**Exercise goal:**
Which lines run from the one containing "Dados de animales" through the end of the data? Write them out exactly, with the pictures left out.

#### Supplied data

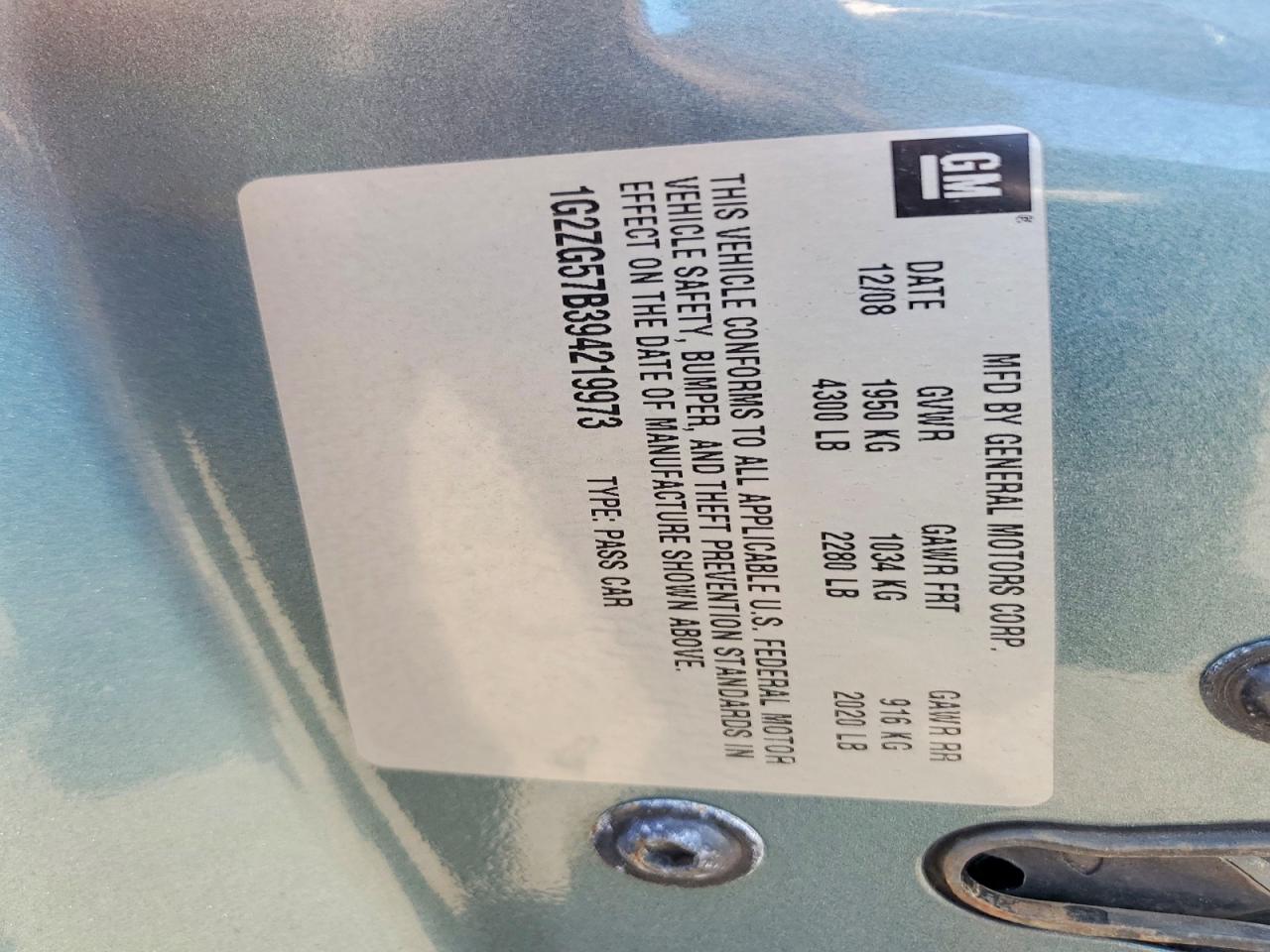 2009 Pontiac G6 Teal vin: 1G2ZG57B394219973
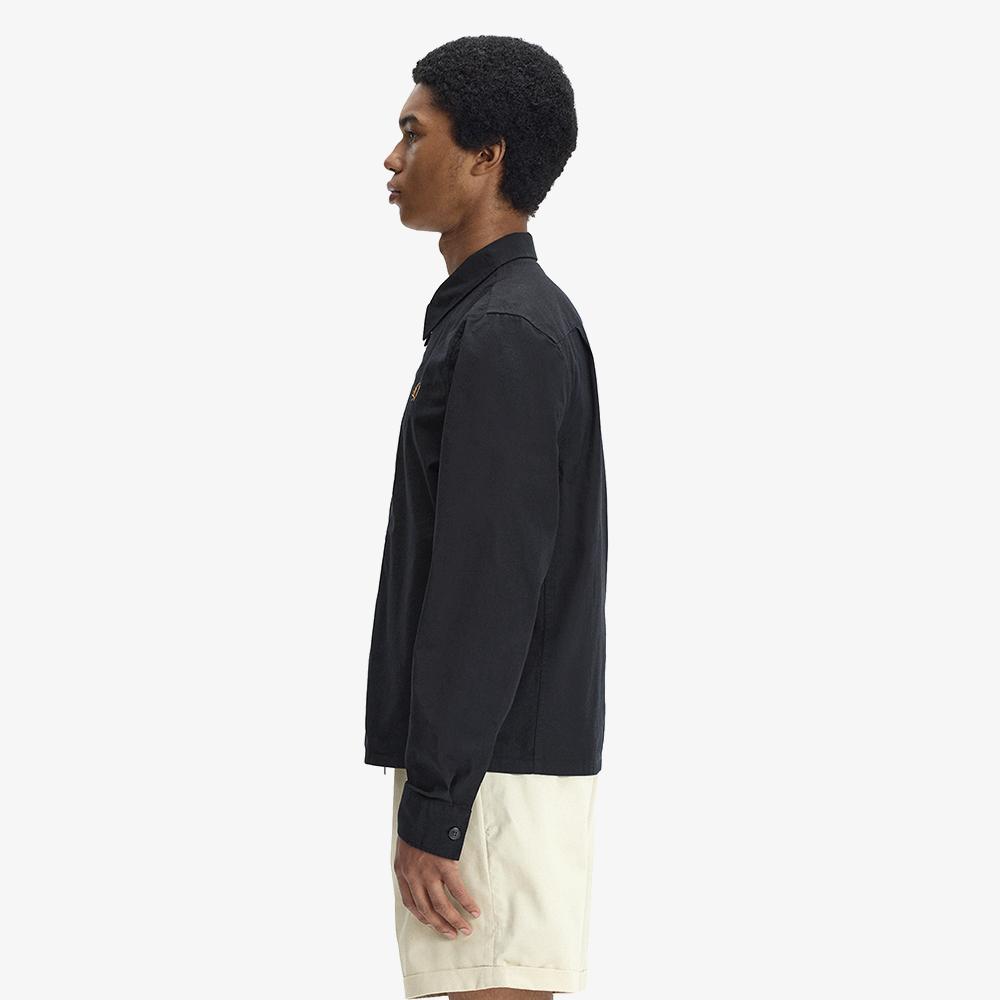 FRED PERRY [Sharp] Seersucker Zip Through Overshirt - Black Afpm2612428-102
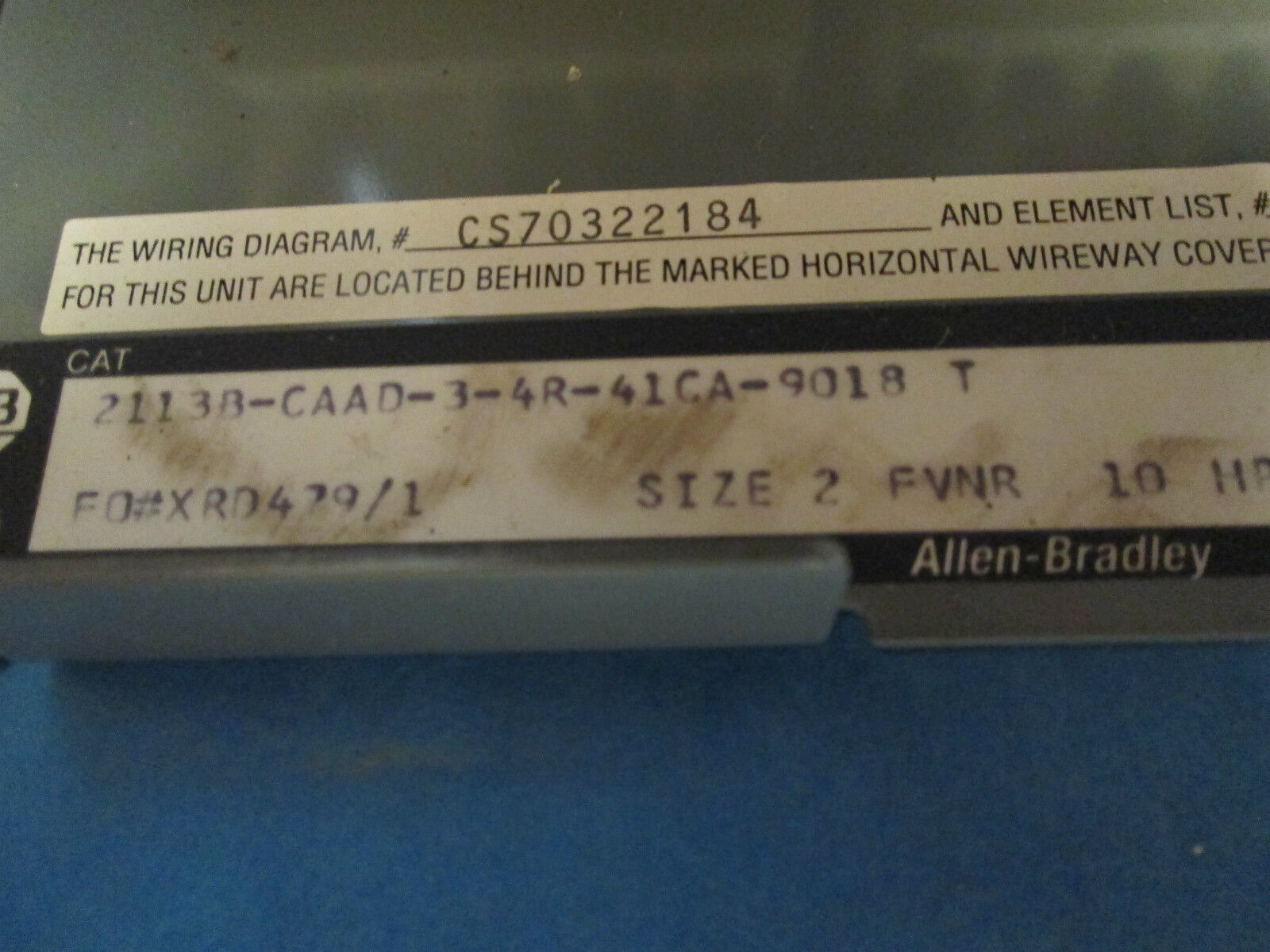 Allen-Bradley 2113B FVNR MCC Bucket Size 2 10 HP 50A New Surplus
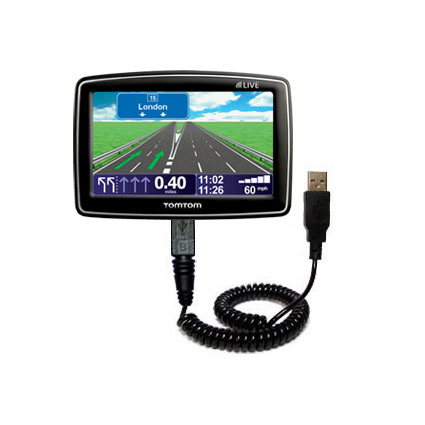 Coiled USB Cable compatible with the TomTom XL Live IQ Routes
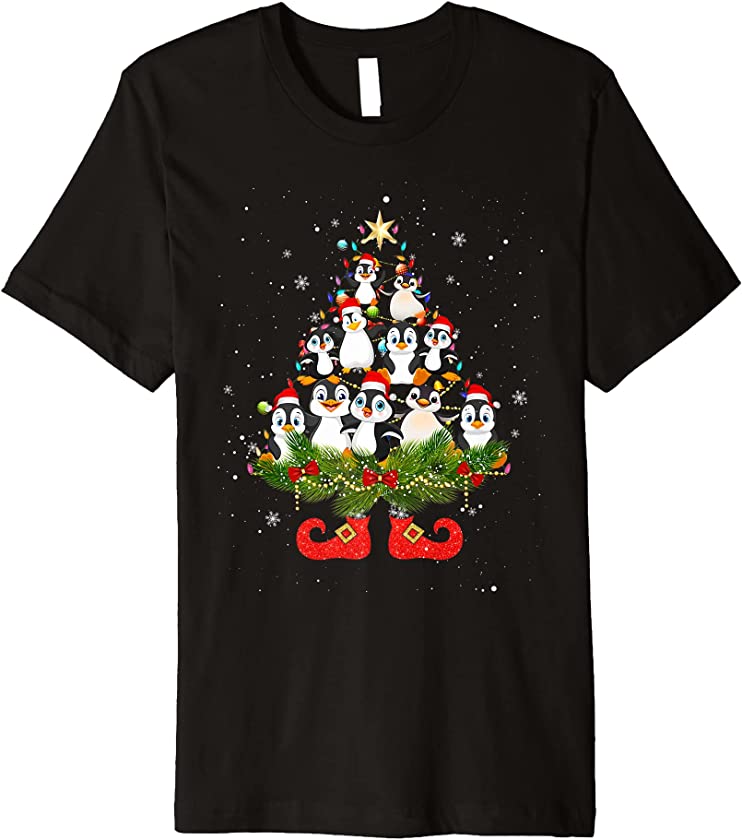 Penguins Christmas Tree Lights Funny Santa Hat Lover Premium T-Shirt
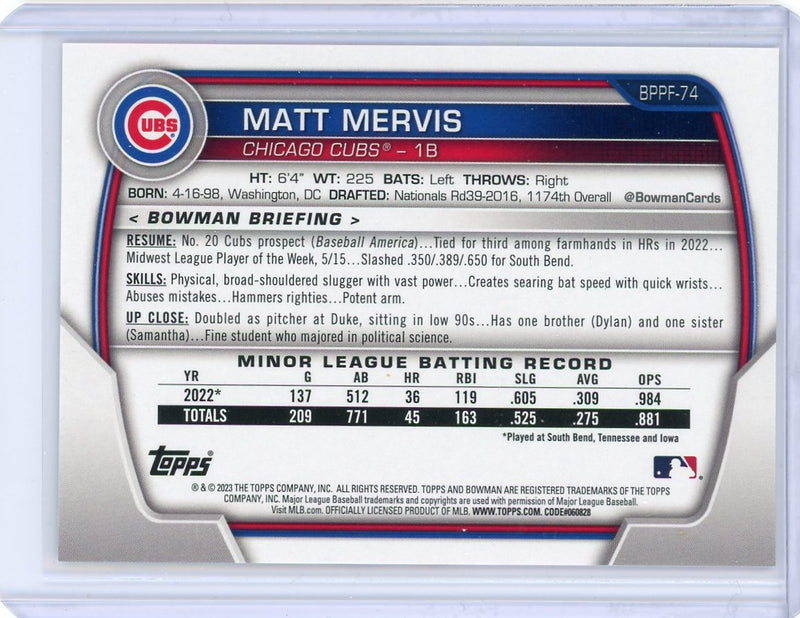 Matt Mervis 2023 1st Bowman 1st Edition paper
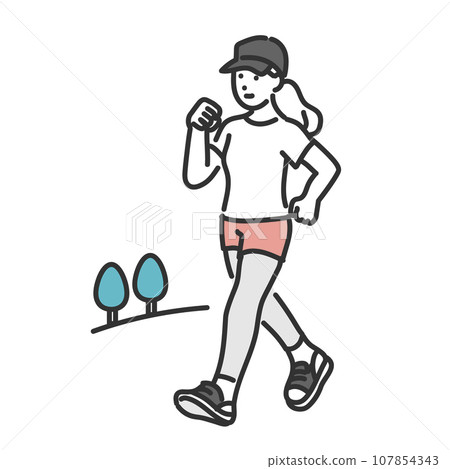 慢跑的女人形象插畫素材 107854343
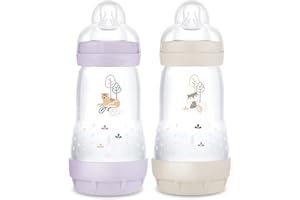 MAM Biberon Easy Start/Anti-Colique - 260ml - Lilas + Sable - Tétine Débit 2 - X2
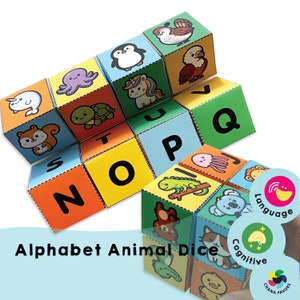 Dados de animales del alfabeto inglés - PDF imprimible - Solo descarga - Aprendizaje para niños - Mejorar el reconocimiento de letras - Recurso de educación en el hogar para preescolares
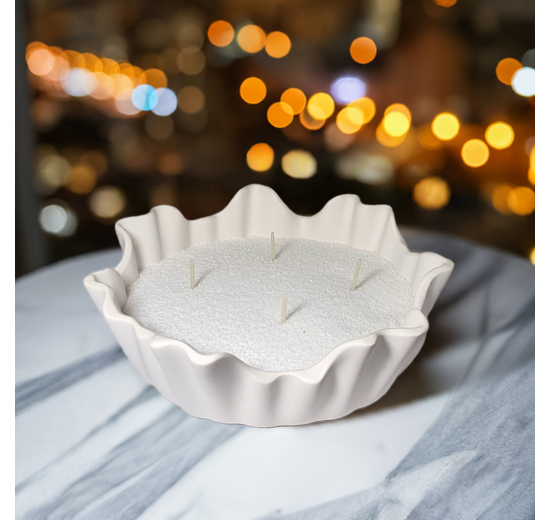 Świeca proszkowa, wosk piaskowy, perłowy 500g, szklany pojemnik + 10 knotów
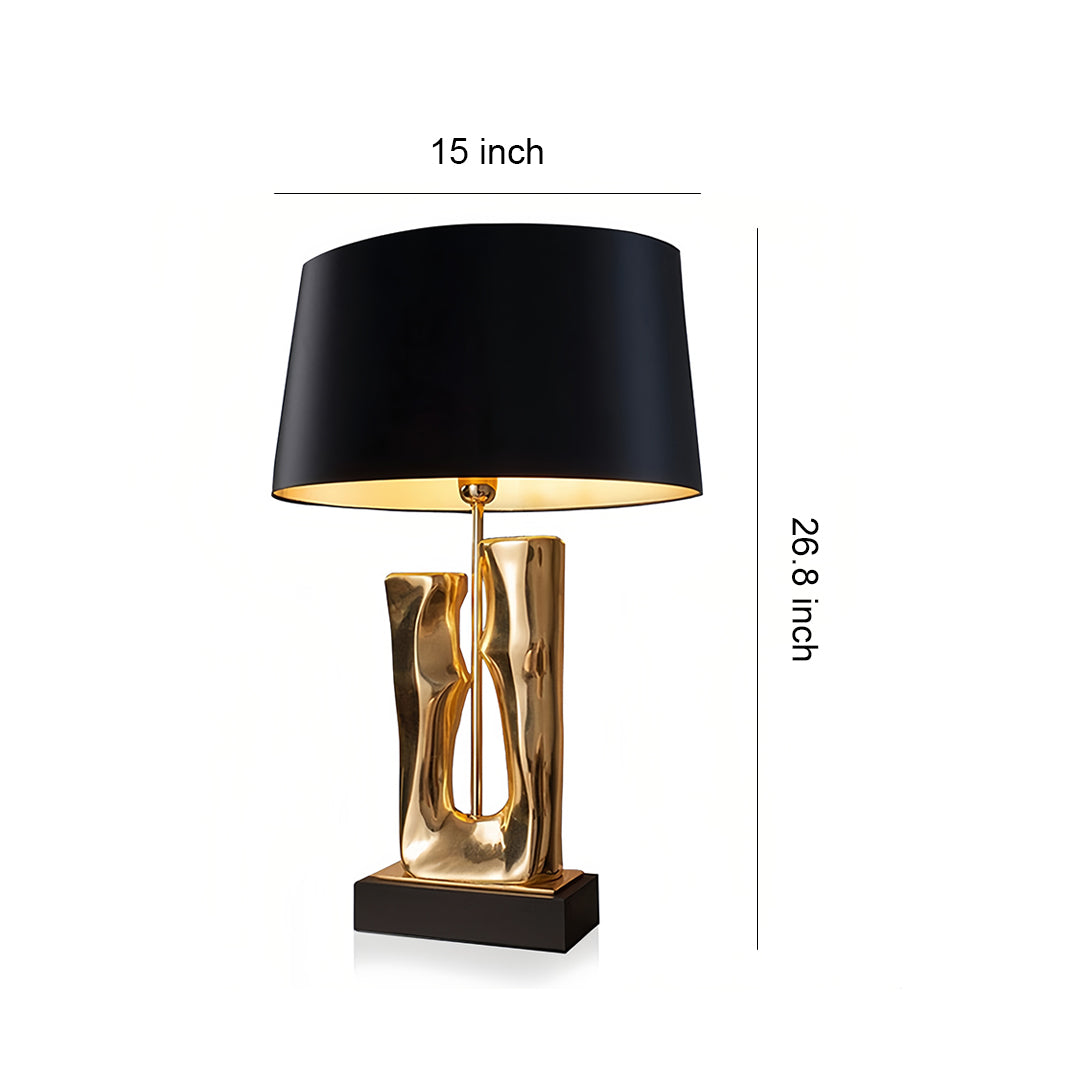 Elegant Gold and Black Sculptural Table Lamp with Drum Shade for Living Room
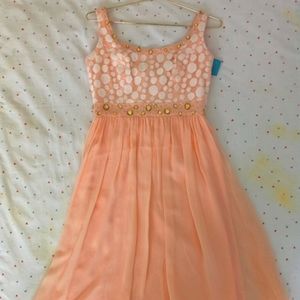 ANTONIO MELANI PEACH RHINESTONE DRESS SZ 2
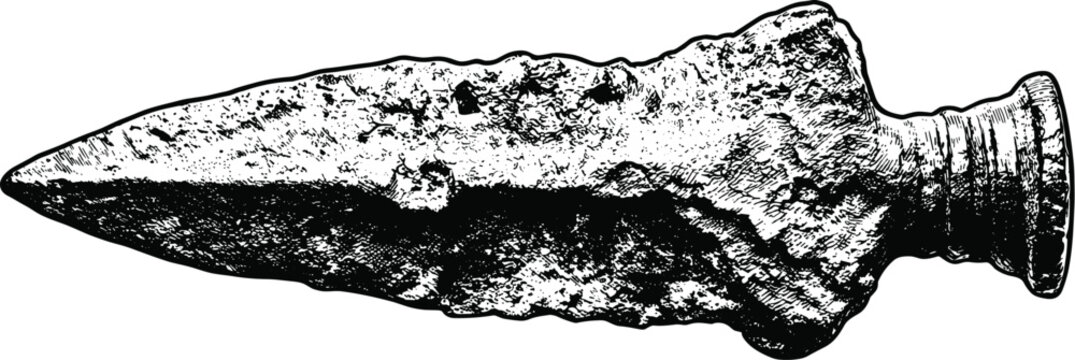 Detailed stone arrow point sketch on transparent background drawing.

########

**The answer:**
 Dados de animales del alfabeto inglés - PDF imprimible - Solo descarga - Aprendizaje para niños - Mejorar el reconocimiento de letras - Recurso de educación en el hogar para preescolares
 Świeca proszkowa, wosk piaskowy, perłowy 500g, szklany pojemnik + 10 knotów
 Elegant Gold and Black Sculptural Table Lamp with Drum Shade for Living Room
 ANTONIO MELANI PEACH RHINESTONE DRESS SZ 2
 Detailed stone arrow point sketch on transparent background drawing.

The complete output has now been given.